## Task statement
Your answer should consist only of the lines below from the one with "Game of Thrones" through the one with "TALYA Sukienki^Sukienka Sharon long black", copied exactly.

··· Materials provided

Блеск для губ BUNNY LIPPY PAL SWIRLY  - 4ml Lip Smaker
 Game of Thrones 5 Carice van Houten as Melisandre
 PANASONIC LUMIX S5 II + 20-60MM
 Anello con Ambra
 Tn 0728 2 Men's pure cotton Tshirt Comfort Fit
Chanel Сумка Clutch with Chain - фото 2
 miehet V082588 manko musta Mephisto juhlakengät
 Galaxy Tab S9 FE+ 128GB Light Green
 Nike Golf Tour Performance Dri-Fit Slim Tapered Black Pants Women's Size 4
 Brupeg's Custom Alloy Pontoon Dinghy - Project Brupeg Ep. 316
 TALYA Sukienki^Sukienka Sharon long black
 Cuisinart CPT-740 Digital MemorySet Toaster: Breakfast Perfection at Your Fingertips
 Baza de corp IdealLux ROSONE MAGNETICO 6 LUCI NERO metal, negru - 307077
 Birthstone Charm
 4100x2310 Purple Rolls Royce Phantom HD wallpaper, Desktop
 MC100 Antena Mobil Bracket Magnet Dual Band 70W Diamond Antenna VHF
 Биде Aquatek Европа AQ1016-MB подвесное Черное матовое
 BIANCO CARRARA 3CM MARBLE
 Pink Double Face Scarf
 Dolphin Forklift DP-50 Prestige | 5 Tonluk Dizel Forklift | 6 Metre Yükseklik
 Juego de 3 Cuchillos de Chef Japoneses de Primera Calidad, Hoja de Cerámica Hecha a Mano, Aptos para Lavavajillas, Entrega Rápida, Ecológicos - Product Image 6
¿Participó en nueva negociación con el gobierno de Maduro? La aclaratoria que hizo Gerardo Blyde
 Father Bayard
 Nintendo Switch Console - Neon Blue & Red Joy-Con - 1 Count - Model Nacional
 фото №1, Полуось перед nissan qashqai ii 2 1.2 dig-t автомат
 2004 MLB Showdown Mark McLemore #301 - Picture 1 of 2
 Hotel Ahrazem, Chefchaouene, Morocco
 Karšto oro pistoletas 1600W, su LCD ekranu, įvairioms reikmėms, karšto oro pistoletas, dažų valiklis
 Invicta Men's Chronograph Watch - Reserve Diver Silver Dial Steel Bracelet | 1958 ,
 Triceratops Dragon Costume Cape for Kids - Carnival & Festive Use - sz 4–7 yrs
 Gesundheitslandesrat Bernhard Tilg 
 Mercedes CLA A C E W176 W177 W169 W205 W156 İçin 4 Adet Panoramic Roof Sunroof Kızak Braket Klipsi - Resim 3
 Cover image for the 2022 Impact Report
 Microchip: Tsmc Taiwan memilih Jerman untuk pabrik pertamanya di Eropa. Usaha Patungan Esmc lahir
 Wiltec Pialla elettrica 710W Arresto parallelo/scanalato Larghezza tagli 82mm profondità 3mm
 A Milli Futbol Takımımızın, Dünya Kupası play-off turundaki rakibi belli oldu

······

## Result of the task
 Game of Thrones 5 Carice van Houten as Melisandre
 PANASONIC LUMIX S5 II + 20-60MM
 Anello con Ambra
 Tn 0728 2 Men's pure cotton Tshirt Comfort Fit
Chanel Сумка Clutch with Chain - фото 2
 miehet V082588 manko musta Mephisto juhlakengät
 Galaxy Tab S9 FE+ 128GB Light Green
 Nike Golf Tour Performance Dri-Fit Slim Tapered Black Pants Women's Size 4
 Brupeg's Custom Alloy Pontoon Dinghy - Project Brupeg Ep. 316
 TALYA Sukienki^Sukienka Sharon long black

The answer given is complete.